[Saved data entries]
+ + + + +
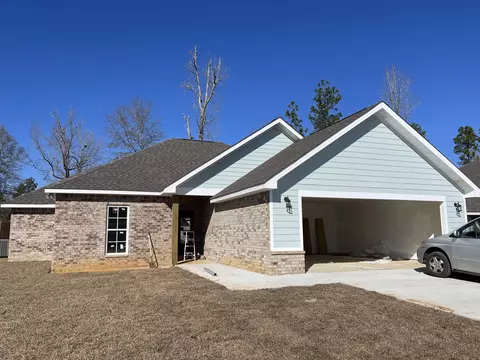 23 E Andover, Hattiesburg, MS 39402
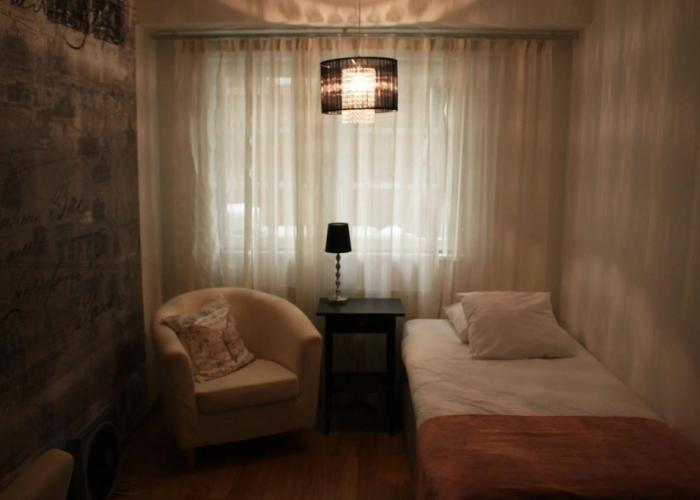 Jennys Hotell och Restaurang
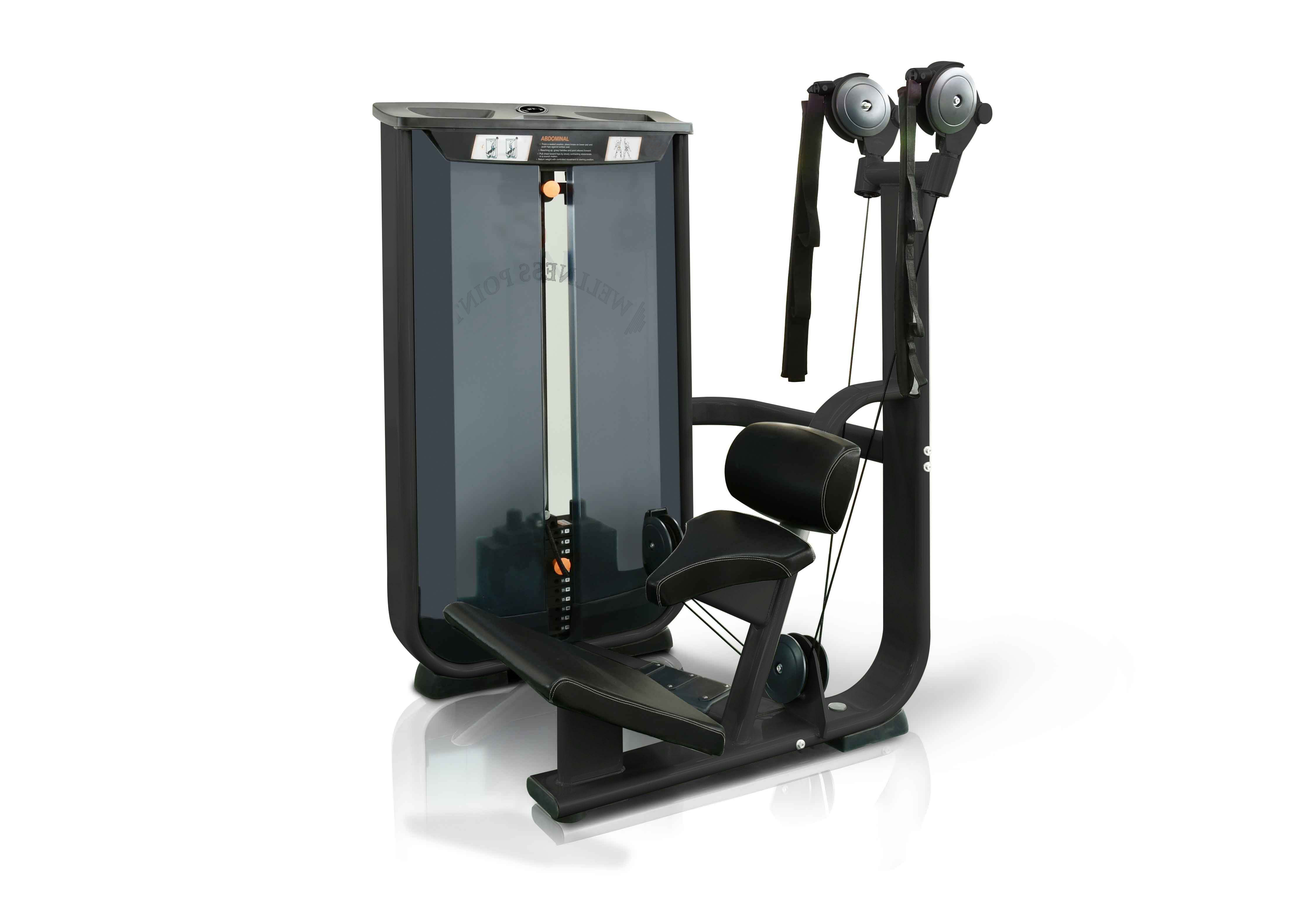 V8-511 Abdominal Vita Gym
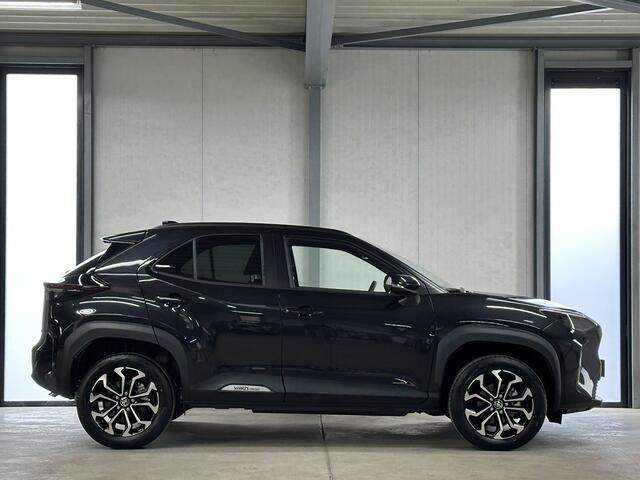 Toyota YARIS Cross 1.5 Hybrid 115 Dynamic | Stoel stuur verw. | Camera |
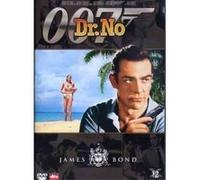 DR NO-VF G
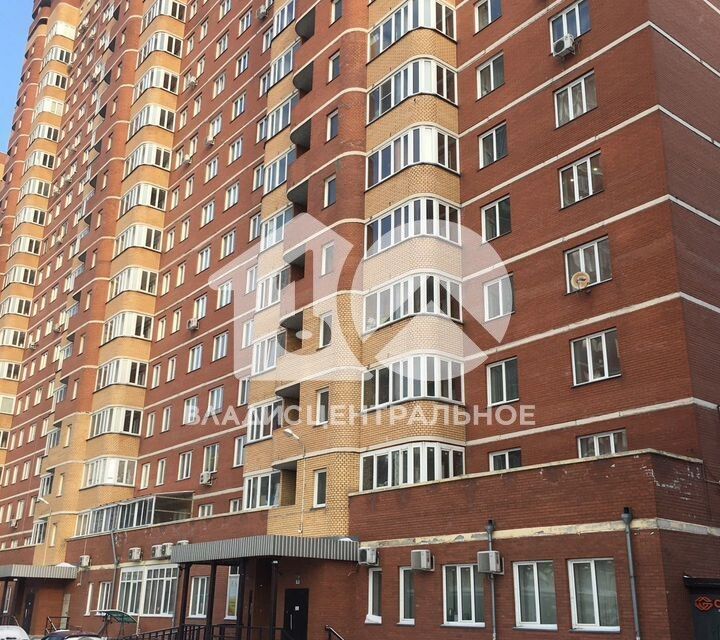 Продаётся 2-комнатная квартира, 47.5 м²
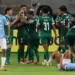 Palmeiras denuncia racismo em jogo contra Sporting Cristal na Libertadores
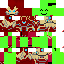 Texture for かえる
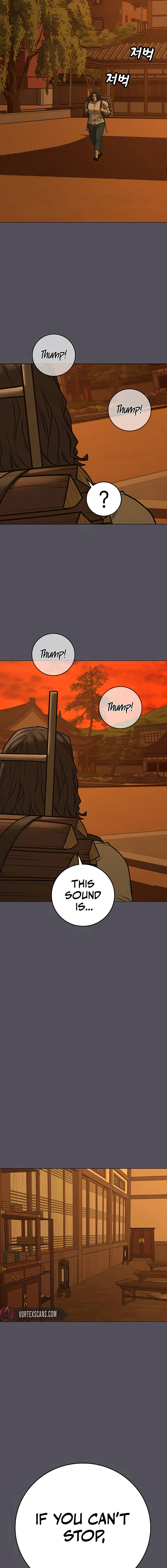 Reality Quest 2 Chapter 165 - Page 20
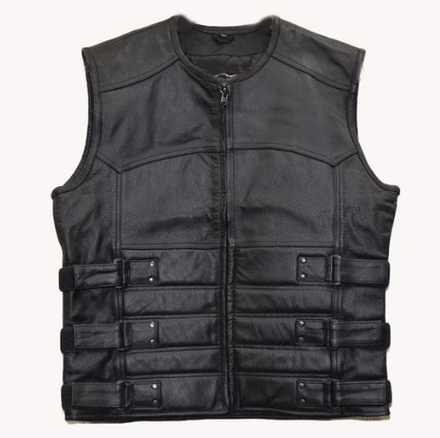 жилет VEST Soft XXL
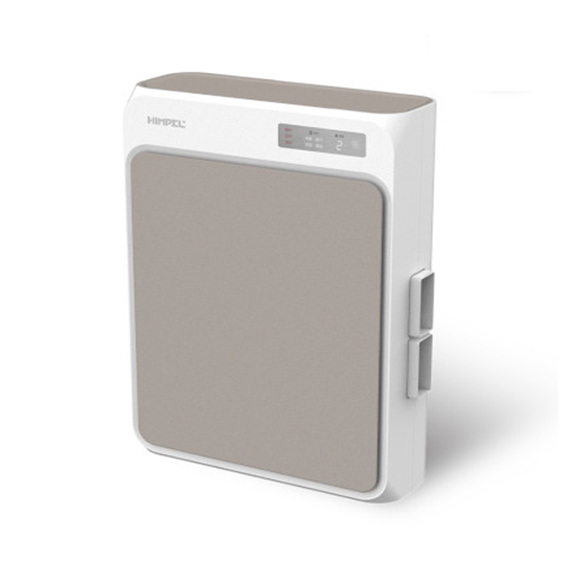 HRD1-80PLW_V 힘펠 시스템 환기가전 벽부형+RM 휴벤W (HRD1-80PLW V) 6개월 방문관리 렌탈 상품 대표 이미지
+ + + + +
§ TASK TO COMPLETE
Copy out all the entries exactly. Images stay out of the copy.

§ TASK ANSWER
 23 E Andover, Hattiesburg, MS 39402
 Jennys Hotell och Restaurang
 V8-511 Abdominal Vita Gym
 Toyota YARIS Cross 1.5 Hybrid 115 Dynamic | Stoel stuur verw. | Camera |
 DR NO-VF G
 Продаётся 2-комнатная квартира, 47.5 м²
 Palmeiras denuncia racismo em jogo contra Sporting Cristal na Libertadores
 Texture for かえる
 Reality Quest 2 Chapter 165 - Page 20
 жилет VEST Soft XXL
 HRD1-80PLW_V 힘펠 시스템 환기가전 벽부형+RM 휴벤W (HRD1-80PLW V) 6개월 방문관리 렌탈 상품 대표 이미지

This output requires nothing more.